Il silenzio dei sindacati, compresa la Cgil (che pur sta reagendo contro l’attacco ai diritti dei lavoratori e alla nuova deregulation del mercato del lavoro), sulla follia di uno sventramento del territorio e sulla contaminazione del mare siciliano, le cui risorse di biodiversità e di rigenerazione verrebbero travolte, è il segno di una incapacità di visione complessiva di una corretta scelta di sviluppo; che però arrogantemente blaterano di capire. A livello locale un esempio è clamoroso. Piovono dichiarazioni di esponenti sindacali e politici sulla necessità che si realizzi la nuova Vega B. L’assioma è: se c’è la Vega A perché non farne un’altra? Nessun interrogativo se questa è utile, se presenta nuovi rischi, dimenticando anche che i vertici della piattaforma al largo di Pozzallo sono coinvolti in una vicenda giudiziaria per smaltimento illecito dei reflui prodotti. Non si tiene conto di nulla: della scarsa qualità del petrolio estratto, ad alta densità bituminosa, delle condizioni dei fondali marini dove dovrebbe essere collocata la seconda piattaforma.

Si riparla solo di un possibile rilancio dell’area di Punta Cugno e di un possibile utilizzo di un migliaio di posti di lavoro, dimenticando che, escluse le specializzazioni operaie esistenti, le dotazioni tecniche per costruzioni di piattaforme presenti nello yards sono prevalentemente obsolete e che il tessuto industriale delle piccole e medie aziende locali è estremamente debole. Polvere di stelle per nascondere il fallimento di anni di inerzia e di battaglie di retroguardia. Un ruolo subalterno che non ha prodotto nulla contro problemi fondamentali, come le bonifiche, l’imposizione di nuovi sistemi di abbattimento delle emissioni inquinanti, la tutela della salute delle popolazioni, un’effettiva e capillare azione per la sicurezza nei posti di lavoro.

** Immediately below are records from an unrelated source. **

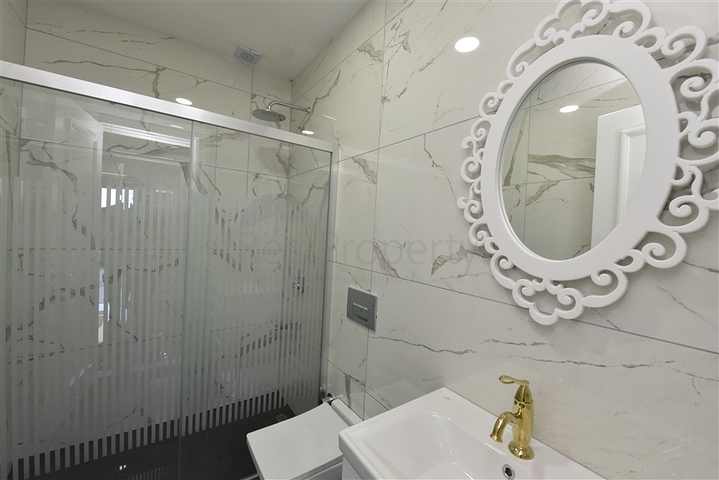 شقق عائلية ضمن مجمع سكني جديد في منطقة توسمور المركزية / الانيا 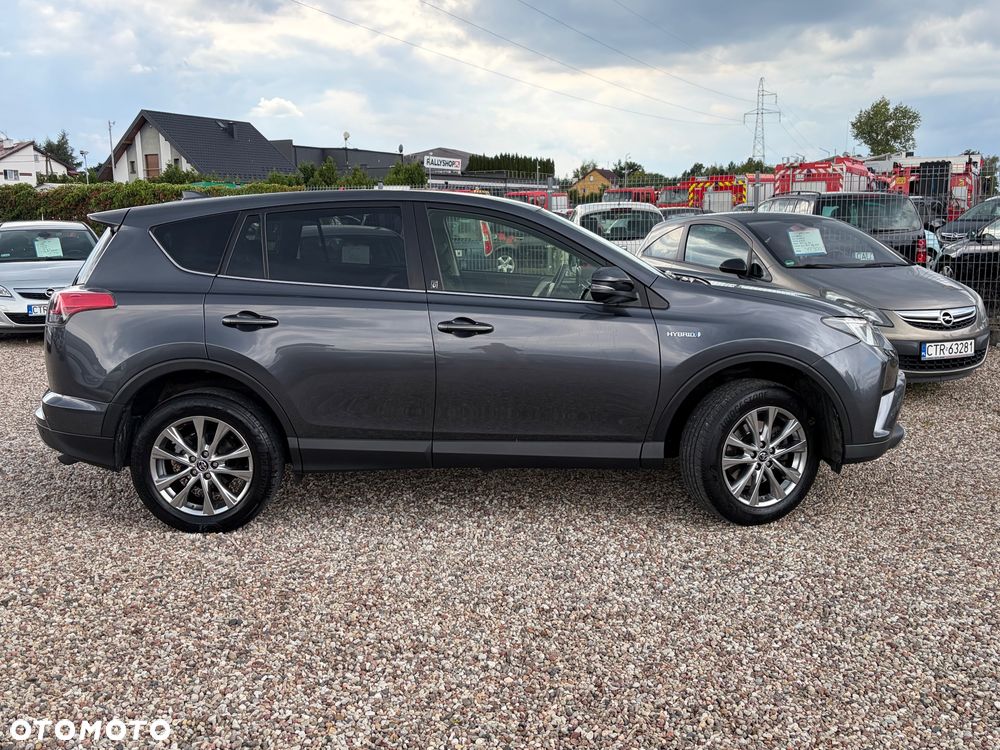 Toyota RAV4 - 3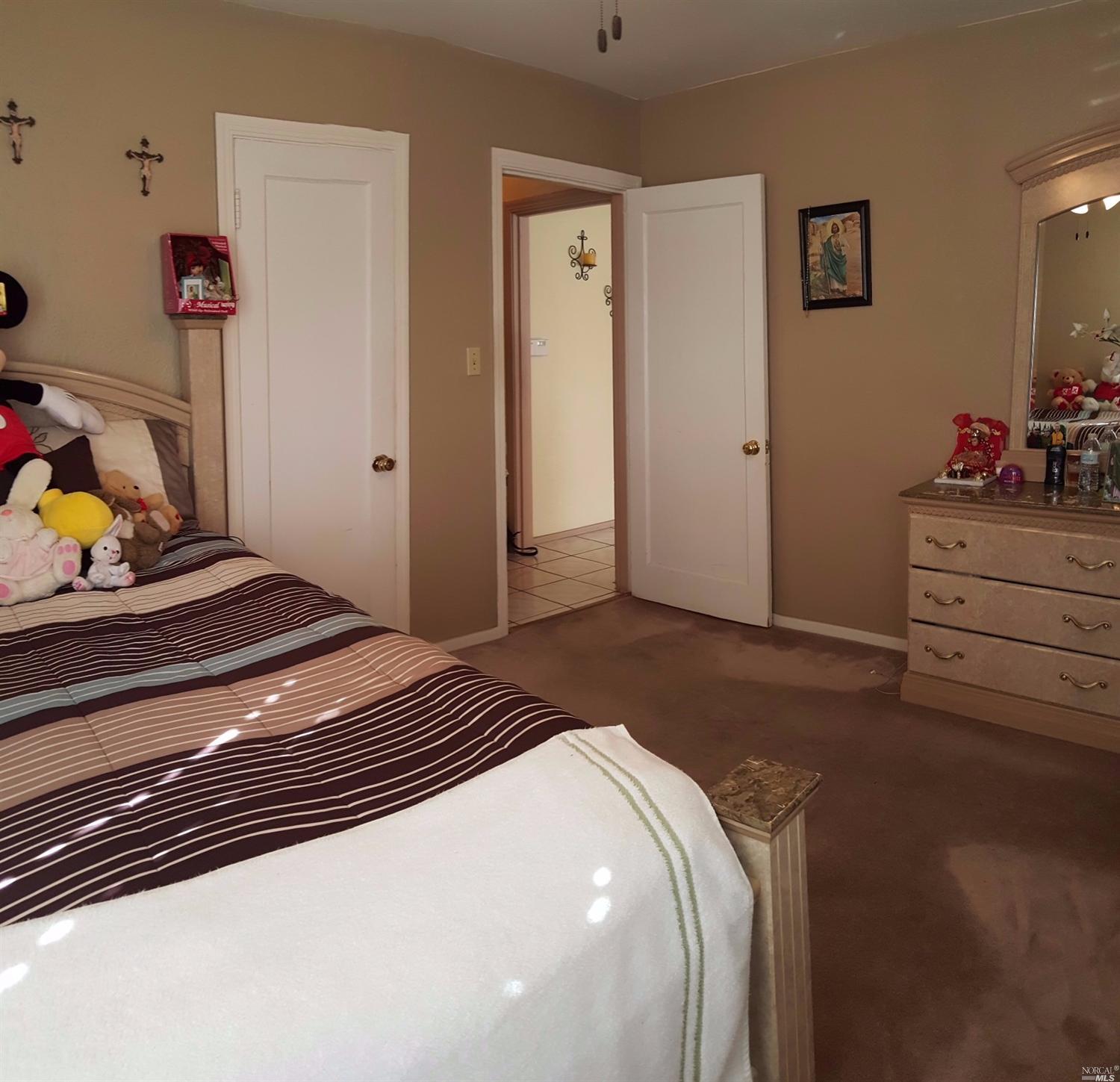131 Davis Ave, Napa, United States 94559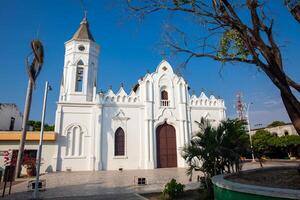 st Josef Kirche wo wo gabriel garcia marquez war getauft im seine Geburtsort, das klein Stadt, Dorf von Aracataca gelegen beim das zentral Platz foto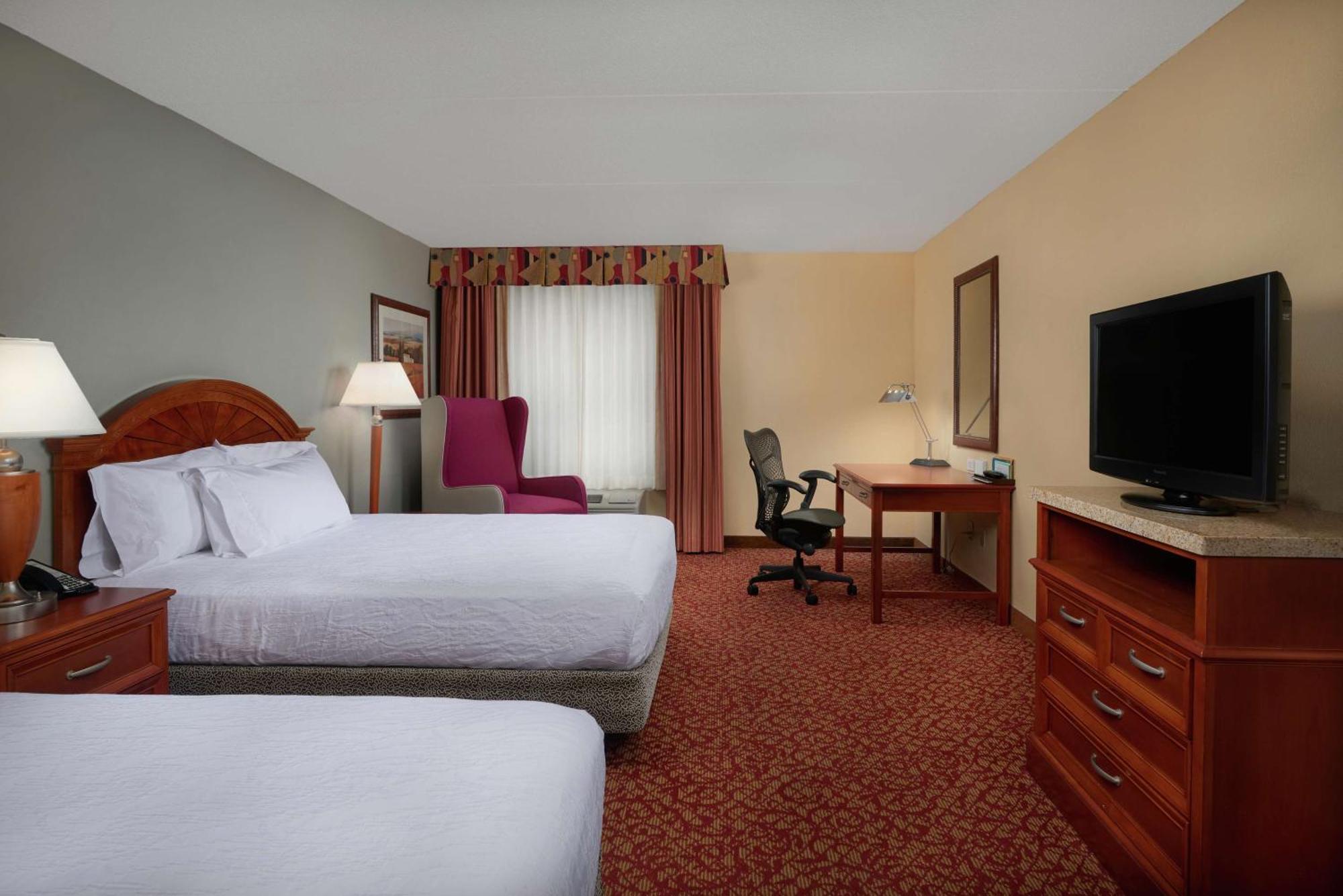Hilton Garden Inn Newport News Buitenkant foto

Il governo Crocetta, con le sue negative scelte di sviluppo, ha compiuto un atto di guerra contro le comunità della Sicilia. I cittadini, le categorie produttive che valorizzano le risorse del nostro territorio, gli imprenditori e i lavoratori della pesca, gli operatori turistici, il mondo della cultura e i movimenti per la difesa dei beni comuni, le centinaia di istituzioni locali che intravedono i pericoli incombenti, non possono subire le conseguenze di questo saccheggio indiscriminato. La mozione contro le trivellazioni approvata all’Ars può essere il punto di partenza per imporre al governo Crocetta di cambiare rotta e di ridefinire le scelte di rilancio dell’economia siciliana.